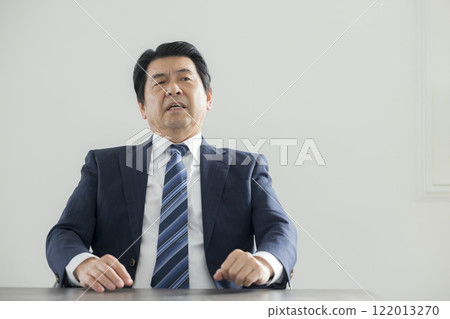Businessman holding his head Businessman holding his head 122013270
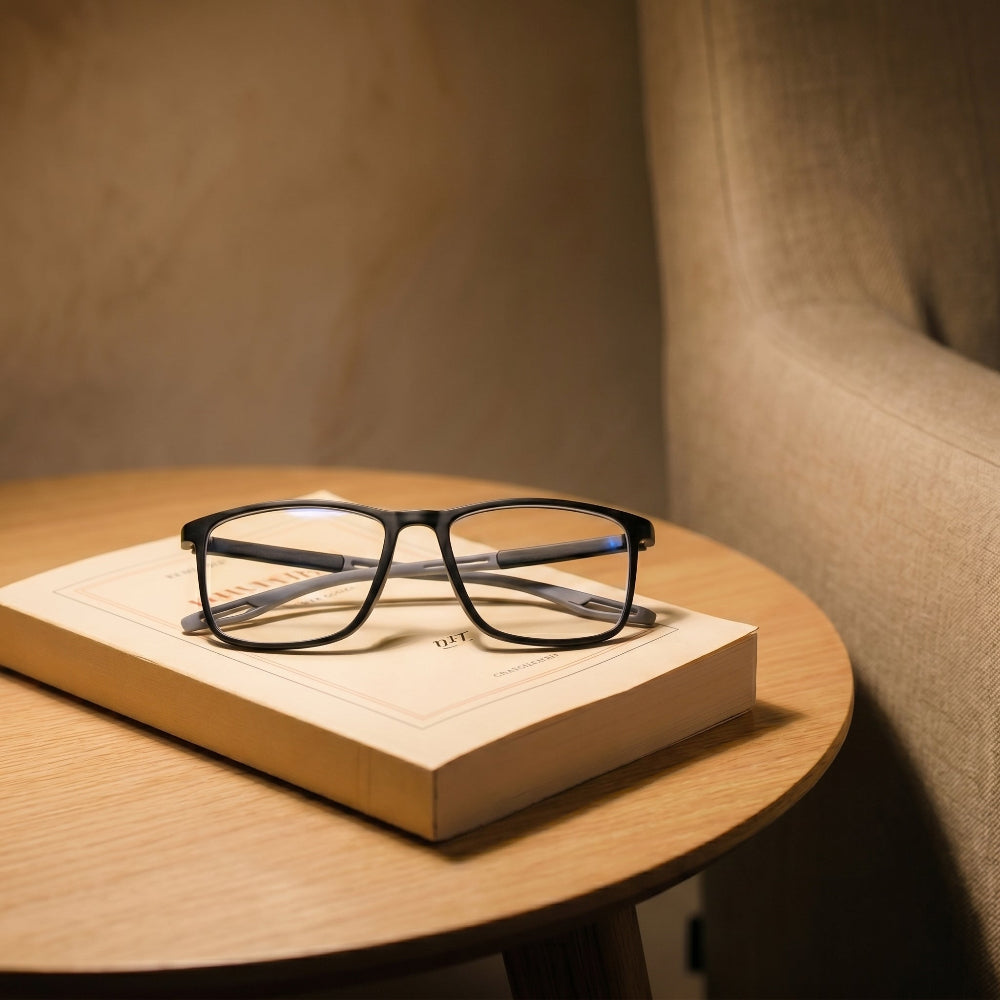 Lunettes de lecture à monture grise posées pliées sur un livre ouvert retourné, table de chevet en bois clair, lumière chaude de lampe de chevet, verres transparents laissant voir les pages ivoire Image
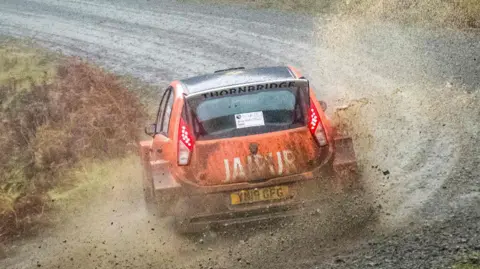 An orange rally race car travels at speed on a gravel track. The car has sponsorship stickers plastered across the side of the car, one reading 'JAIPUR'. The vehicle is travelling in a forest. 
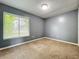 This empty bedroom features neutral walls, carpeted flooring, and a bright window with lush, green scenery at 164 Morning Glory Dr, Lake Mary, FL 32746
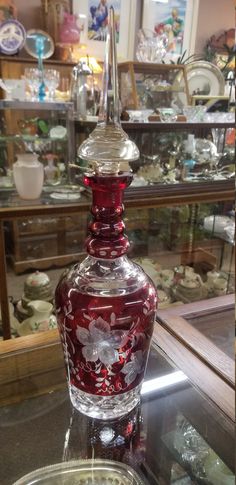 a red glass bottle sitting on top of a table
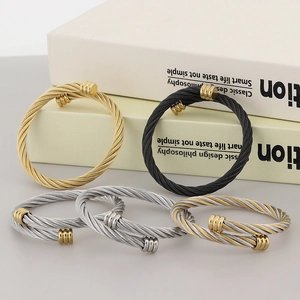 Detailed close-up of colorful stainless steel cable wire bangles in various finishes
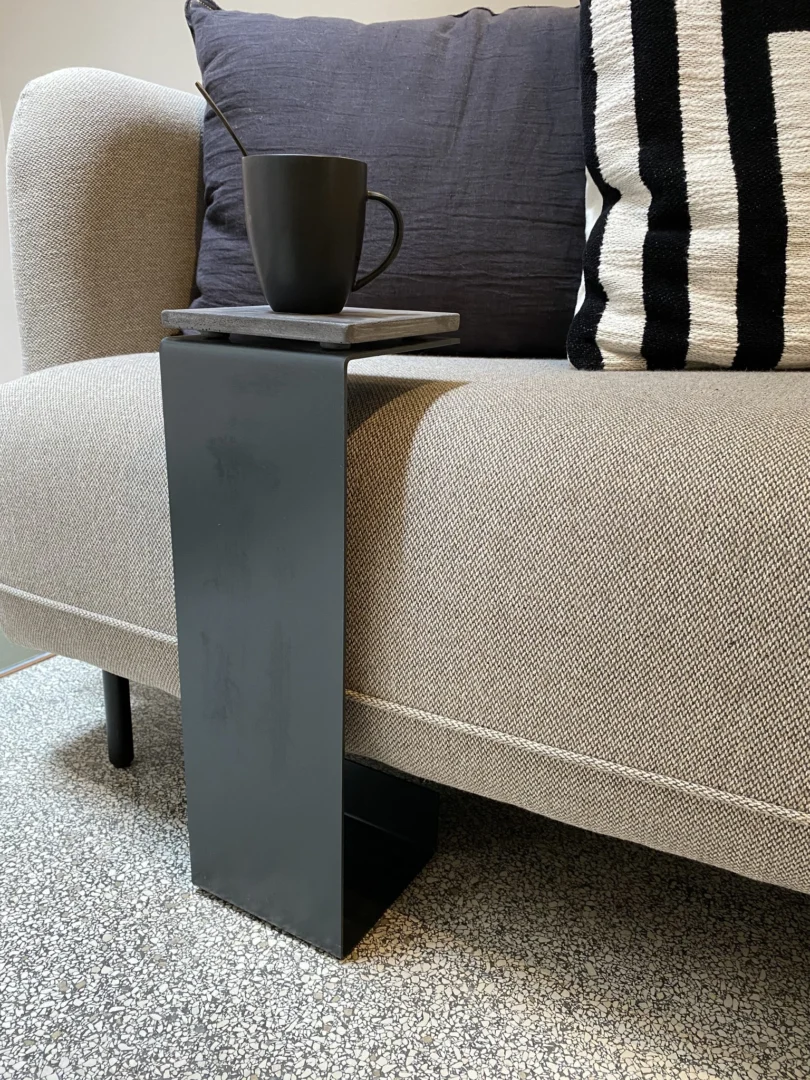 De Meni15 - Stalen Stand - Antraciet haakt over de arm van een lichtgrijze bank, met daarop een zwarte mok en lepel. Grijze en zwart-wit gestreepte kussens rusten op de bank, terwijl een gespikkelde grijze vloer de look compleet maakt.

———

Work order: Give back the whole listing exactly as it stands. Drop every picture.

Task result:
Businessman holding his head Businessman holding his head 122013270
 Lunettes de lecture à monture grise posées pliées sur un livre ouvert retourné, table de chevet en bois clair, lumière chaude de lampe de chevet, verres transparents laissant voir les pages ivoire Image
 An orange rally race car travels at speed on a gravel track. The car has sponsorship stickers plastered across the side of the car, one reading 'JAIPUR'. The vehicle is travelling in a forest. 
 This empty bedroom features neutral walls, carpeted flooring, and a bright window with lush, green scenery at 164 Morning Glory Dr, Lake Mary, FL 32746
 a red glass bottle sitting on top of a table
 Detailed close-up of colorful stainless steel cable wire bangles in various finishes
 De Meni15 - Stalen Stand - Antraciet haakt over de arm van een lichtgrijze bank, met daarop een zwarte mok en lepel. Grijze en zwart-wit gestreepte kussens rusten op de bank, terwijl een gespikkelde grijze vloer de look compleet maakt.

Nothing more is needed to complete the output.